Items from a data source:
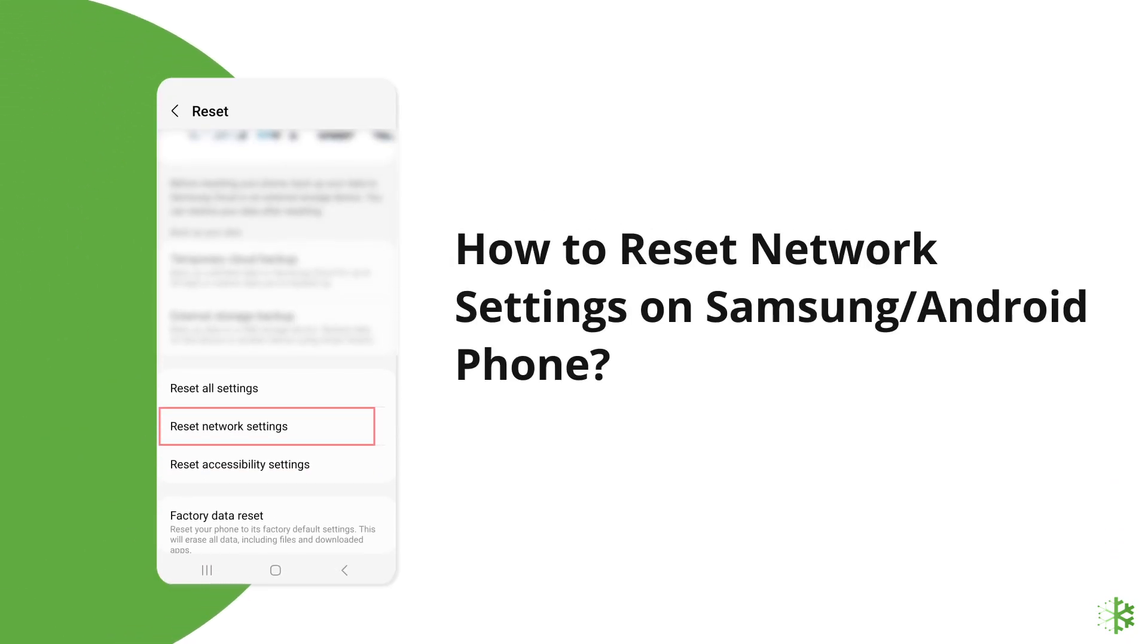Hello guys, welcome back to our channel Android Data Recovery. In this video we're going to discuss how to reset network settings on Samsung or Android phone easily. If you also want to know how to do so, then watch this video.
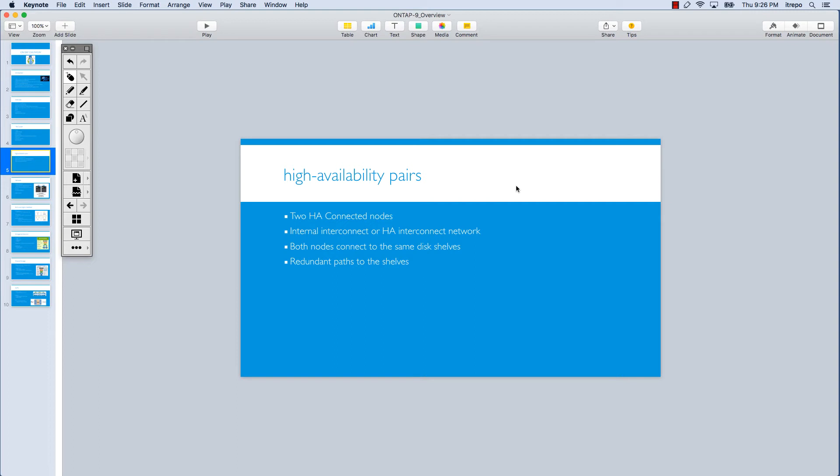For this connectivity, the nodes must use redundant paths to connect to the same shelves. The nodes also need to be connected to a cluster interconnect, even if the cluster is composed of only one HA pair.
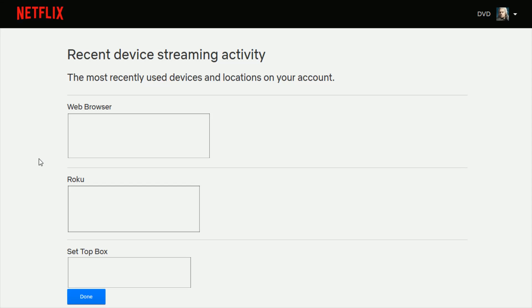And at that point in time, if you don't recognize the location or the devices being used, then you should probably go in and change your email password, things such as that.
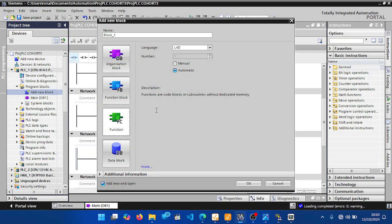Functions are code blocks or subroutines without dedicated memory. The variables created within that block are temporary — they don't have dedicated memory. To develop a subroutine in TIA Portal, select the FC (Function) block and hit OK.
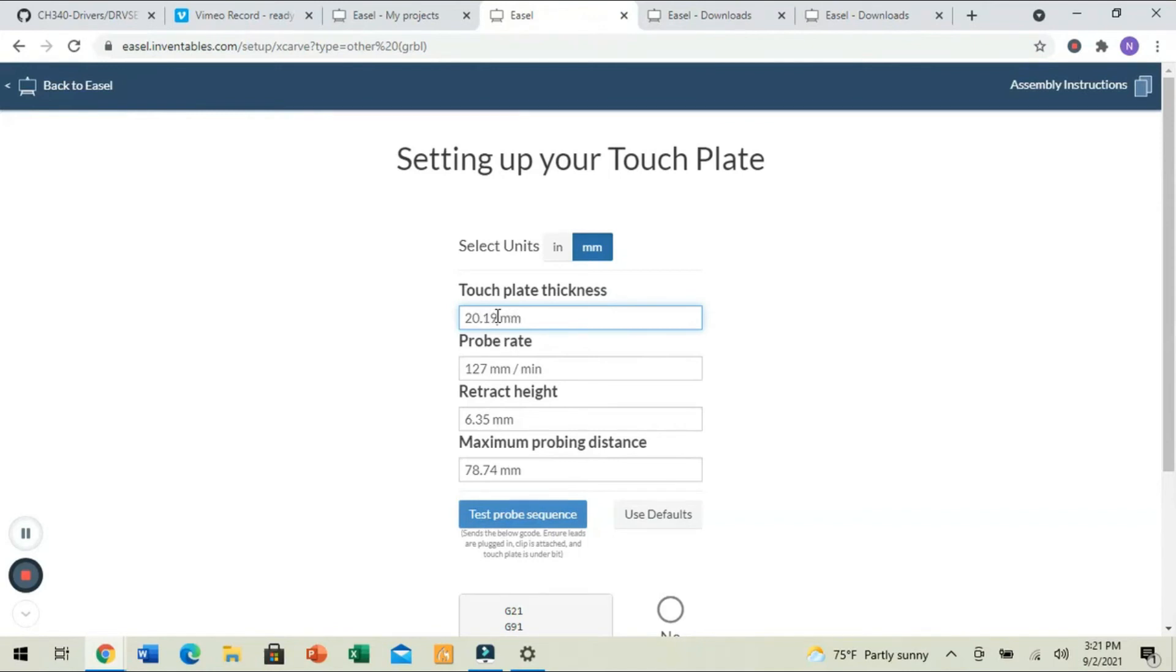So, 20.19. Our probe rate, the slower the probe rate, the more accurate it's going to be. Retract height, retracting it however far after it makes its touch. Maximum probing distance,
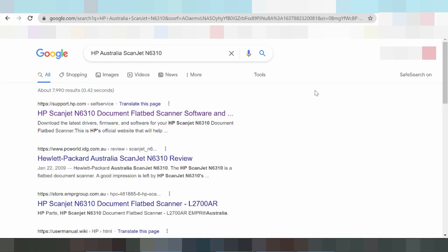Welcome back to my channel. Now I am downloading the HP scan. I am looking at the serial.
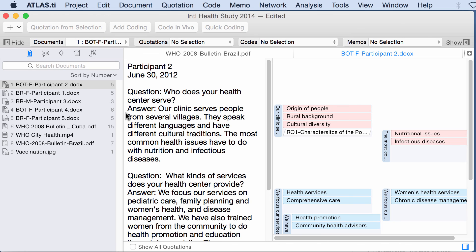New outputs that will allow you to interrogate Atlas.ti, for example what was said about concept A but only those people who were interviewed in Brazil, or all of the people gender female from Brazil. Well that kind of output will be coming soon to Atlas.ti for Mac. Thank you very much.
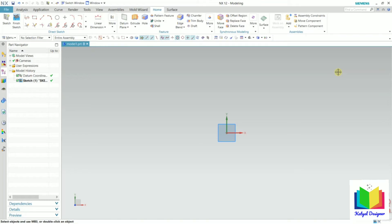Hello friends. Welcome to this course on NX. In this lecture, we will learn how to insert dimensions in the sketches. In NX, we have two types of dimensioning: one is automatic dimensioning and one is manual dimensioning.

About this exercise: Pick up at the line that holds "And at that" and restate each line, word for word, through the last line of the entries. Include both end lines but none of the pictures.

Response to this exercise:
And at that point in time, if you don't recognize the location or the devices being used, then you should probably go in and change your email password, things such as that.
Functions are code blocks or subroutines without dedicated memory. The variables created within that block are temporary — they don't have dedicated memory. To develop a subroutine in TIA Portal, select the FC (Function) block and hit OK.
So, 20.19. Our probe rate, the slower the probe rate, the more accurate it's going to be. Retract height, retracting it however far after it makes its touch. Maximum probing distance,
Welcome back to my channel. Now I am downloading the HP scan. I am looking at the serial.
New outputs that will allow you to interrogate Atlas.ti, for example what was said about concept A but only those people who were interviewed in Brazil, or all of the people gender female from Brazil. Well that kind of output will be coming soon to Atlas.ti for Mac. Thank you very much.
Hello friends. Welcome to this course on NX. In this lecture, we will learn how to insert dimensions in the sketches. In NX, we have two types of dimensioning: one is automatic dimensioning and one is manual dimensioning.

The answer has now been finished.